The body 4.2 of the central section can be made of e.g. aluminium because it conducts heat quite well. The heat conduction can further be increased by the flat section of the body because the circuit board 4.4 is laying on the flat section. The good heat conduction induces the temperature of the illuminators 4.1 to stay at a lower level which increases the life time of the illuminators 4.1.
When the body 4.2 of the illumination unit 4 is filled with the filler 9, the filler 9 surrounds the illuminators 4.1 , the circuit board 4.4, the power cable 3 and the protective cover 4.3 thus making the body 4.2 gas tight. The body 4.2 can then be placed inside the tube 2.1a of the central body 2.1. After that the first 2.2 and the second end sections 2.3 are attached with the central section 2.1 wherein the luminaire 1 according to the present invention is ready for use.
The filler 9 also makes the attachment of the power cable 3 to the luminaire 1 more secure and thus improves the reliability of the luminaire 1 against mechanical forces.
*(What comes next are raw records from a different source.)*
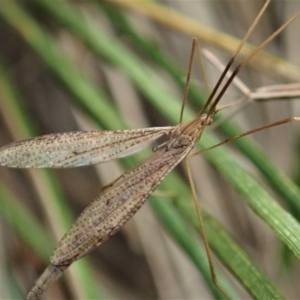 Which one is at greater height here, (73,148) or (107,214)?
(73,148)

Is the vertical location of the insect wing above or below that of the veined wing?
below

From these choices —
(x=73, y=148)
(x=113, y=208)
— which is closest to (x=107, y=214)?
(x=113, y=208)

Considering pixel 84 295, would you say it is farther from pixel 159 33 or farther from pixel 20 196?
pixel 159 33

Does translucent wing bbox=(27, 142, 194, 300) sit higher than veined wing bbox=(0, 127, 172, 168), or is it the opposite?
veined wing bbox=(0, 127, 172, 168)

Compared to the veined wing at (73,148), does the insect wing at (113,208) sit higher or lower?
lower

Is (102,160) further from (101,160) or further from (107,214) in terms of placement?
(107,214)

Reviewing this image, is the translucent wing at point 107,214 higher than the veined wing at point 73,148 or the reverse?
the reverse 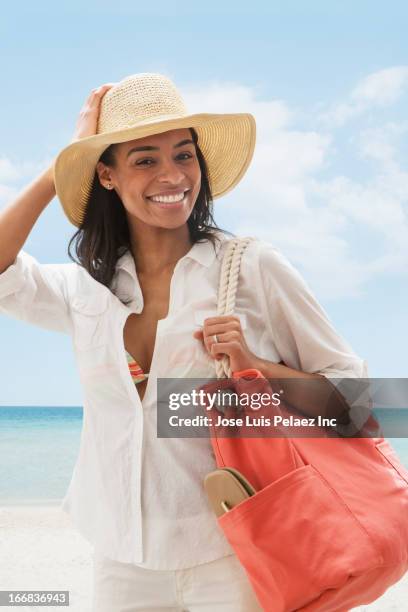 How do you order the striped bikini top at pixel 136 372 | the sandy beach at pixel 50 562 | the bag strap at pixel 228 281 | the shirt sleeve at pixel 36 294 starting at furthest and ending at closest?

The critical dimensions of the luminaire 1 can be analysed with the help of Fig. 3c. The electrically active parts of the luminaire 1 are inside the illuminators 4.1. If the illuminators 4.1 are LEDs, there is a chip (a radiating element) 4.1a inside the casing 4.1 b of the illuminators 4.1 which emits radiation (light). The casing of the illuminators 4.1 is filled with a filler which is not necessarily the same filler than the filler of the body 4.2. Usually the distance from the chip to the outer surface of the LED is about 1.5 mm ( 0.5 mm filler and 1 mm cover). The thickness of the protective cover 4.3 has to be at least 1.5 mm so that the distance from the chip to the outer surface of the body 4.2 is at least 3 mm which is defined as a minimum limit for ma- structures according to the standard IEC 60079-18 section 7.3. Therefore,
the present invention provides a structure which fulfils inter alia the requirements of IEC 60079-18 section 7.3.
It is also possible to use other illuminators than LEDs in the luminaire according to the present invention. The thickness of the protective cover 4.3 can be varied in different embodiments so that the above mentioned condition is fulfilled.
The cross section of the body 4.2 and of the other parts of the luminaire 1 can also differ from the cross sections of the above described embodiment.